Implementing encodings

When implementing a new encoding, one should subclass:

  • NumericEncoding if your encoding is numeric. An encoding is numeric if is meant to only encode numbers, e.g. BaseQualities.

  • OneToOneEncoding if your encoding is not numeric, but it always encodes a single byte to another byte (e.g. a letter to a number).

  • Encoding if your encoding is not one-to-one. In such cases, the encoding is typically more complex and could e.g. be meant to encode multiple elements to a single element, as in the case of KmerEncoding.

Note that all NumericEncodings are one-to-one (and inherit from OneToOneEncodings).

All OneToOneEncodings only needs to implement the _encode and _decode methods, and will the automatically be able to encode and decode strings, list of strings, BaseEncoded objects, etc:

The _encode and _decode methods will always be called with raw numpy-arrays. For _encode the array represents the byte value of the ASCII-character to encode (e.g. A will be “65”).

import bionumpy as bnp

class MyCustomEncoding(bnp.OneToOneEncoding):
    def _encode(self, data):
        return data + 1

    def _decode(self, data):
        return data - 1

    def __repr__(self):
        return "MyCustomEncoding()"

encoding = MyCustomEncoding()
sequence = "ACT"
encoded = encoding.encode(sequence)
decoded = encoding.decode(encoded)
print(encoded)
print(repr(encoded))
print(repr(encoded.raw()))
print(decoded)
print(repr(decoded))
print(repr(decoded.raw()))

Note that the encode-method can take many different types of data, such as strings and lists of strings. It will detect the type and call the private _encode method with a numpy array as input. The _decode method is meant to produce the byte-values of the original data. The above code will give:

ACT
encoded_array('ACT', MyCustomEncoding())
array([66, 68, 85], dtype=uint8)
ACT
encoded_array('ACT')
array([65, 67, 84], dtype=uint8)

Some other rules/guidelines:

  • Encodings that are used should always be objects, not classes (i.e. when specifying an encoding to as_encoded_array or EncodedArray).

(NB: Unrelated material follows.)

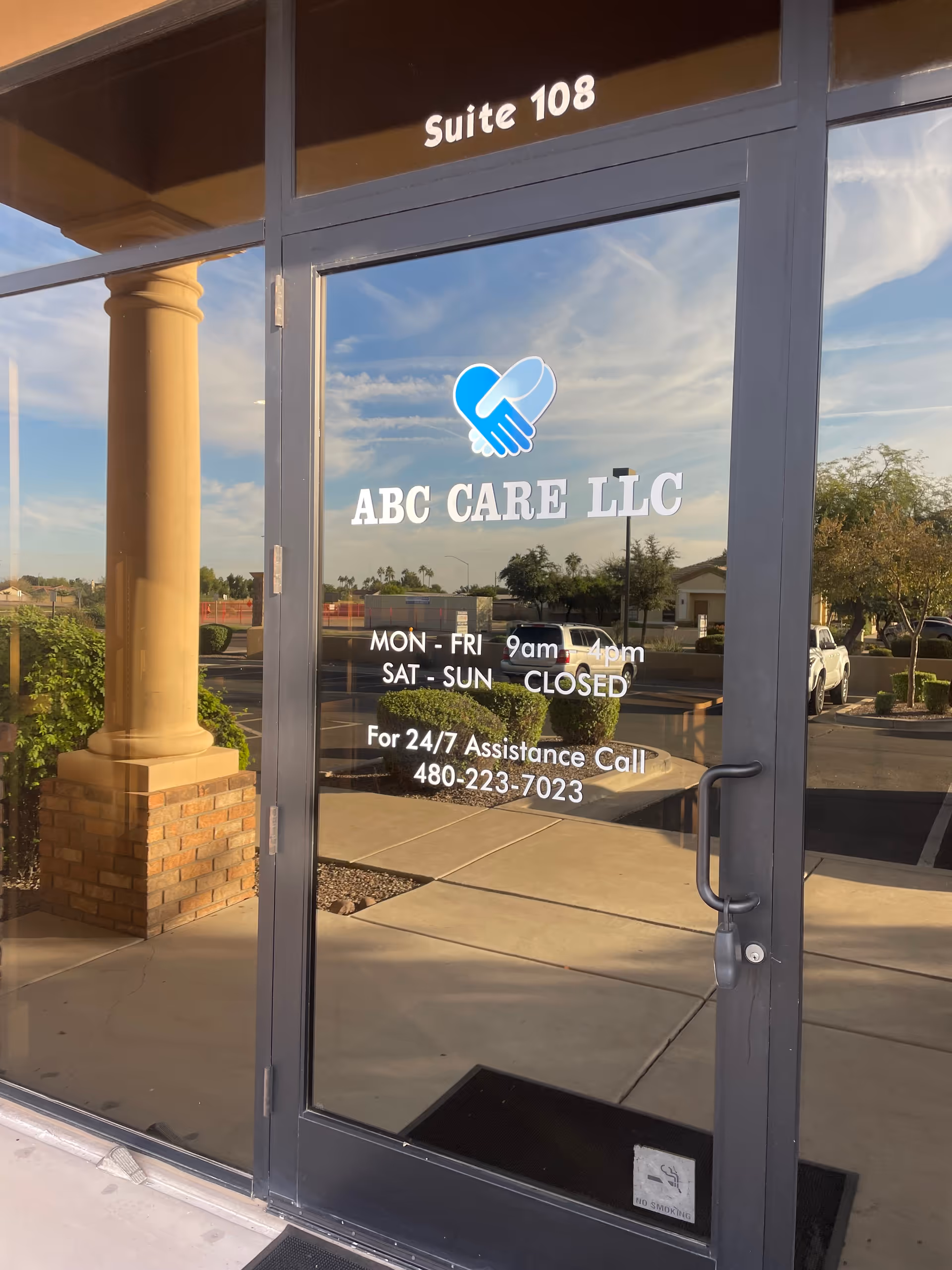 Glass entrance door with ABC CARE LLC sign and reflections of a parking lot.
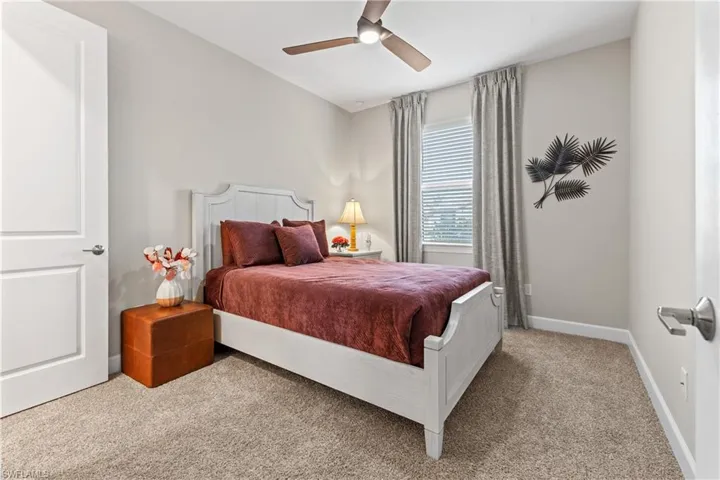 Carpeted bedroom featuring a ceiling fan with light fixture, window with blinds and drapes, and a white paneled door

  • EncodedArray and EncodedRaggedArray should only be used explicitely when data is already encoded correctly. No sanity checking is done when using these classes. When it is not clear whether data is encoded or not, use as_encoded_array. Users are not meant to be using Encoded(Ragged)Array directly.

  • All encoded data are wrapped in EncodedArray or EncodedRaggedArray EXCEPT when something is encoded with a NumericEncoding. In such cases, the encoded data will be an np.array or a RaggedArray. This is so that numeric numpy operations can be performed directly on the data.

  • Unencoded data may be “Encoded” with BaseEncoding. When decoding data, the result will typically be an Encoded(Ragged)Array with encoding BaseEncoding.